Collectively looking at the picture, it is clear White House statements suggesting this was a small, uncoordinated, non-representive cadre of thugs are simply untrue. Pictures alone show that the mob was massive, persisted for hours, and was well armed. Further, it appears that jumping to blame a video made in a free country that protects free speech is grossly reactionary and premature. In fact, it appear now that the immediate use of this explanation may be done for political reasons to spin attention from the fact that a very real Al Qaeda threat has been created in Libya by a deliberate, yet ill-conceived plan by the White House.

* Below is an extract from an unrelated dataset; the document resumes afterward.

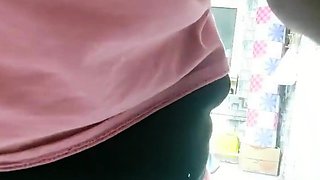 Beauty small tit amateur teen masturbating her shaved pussy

From a security perspective, it is clear the U.S. Embassy in Libya was not prepared and significantly underestimated the threat. From a manpower perspective, it is the host nation’s responsiblity to protect foreign diplomats, but common sense should dictate a robust security staff for any high-threat country like Libya. More “shooters” would likely have repulsed the attack and saved the Ambassador and other Americans. Further, accepting the risk of using a temporary building rather than a purpose-built embassy that incorporated the latest security and defensive measures in a high-threat nation was a critical failure. Warnings about the poor state of security readiness have been raised for years and were not implemented in a timely fashion. The decision to stay in a soft compound approaches reckless and stupid since the country threat was known to be high. Not only is it still not stable and internecine post-revolution violence continues, but a bomb was planted in front of the US Consulate in June that detonated wounding a local guard.
On the intelligence front, the CIA and Department of State threat intelligence organizations failed to effectively warn of this impending storm. This is the second massive failure in as many weeks. The previous weekend a US Consulate Peshawar motorcade was obliterated in a vehicle borne suicide bombing attack in Pakistan resulting in the wounding of two outstanding and highly experienced American security specialists.
All of this points to the single responsible person, the ambassador. The ambassador is charged with the ultimate care and safety of all United States citizens in his country and as such, this disaster is a direct result of his leadership and guidance. Much like a ship’s captain going down with the ship, Ambassador Stevens went down with his ship. Sadly, Ambassador Stevens appears to have been a dedicated, well-liked, and highly educated diplomat, but failed to recognize the difference between the ground truth and ideological concepts. For this, he and at least three other Americans unnecessarily paid the ultimate price.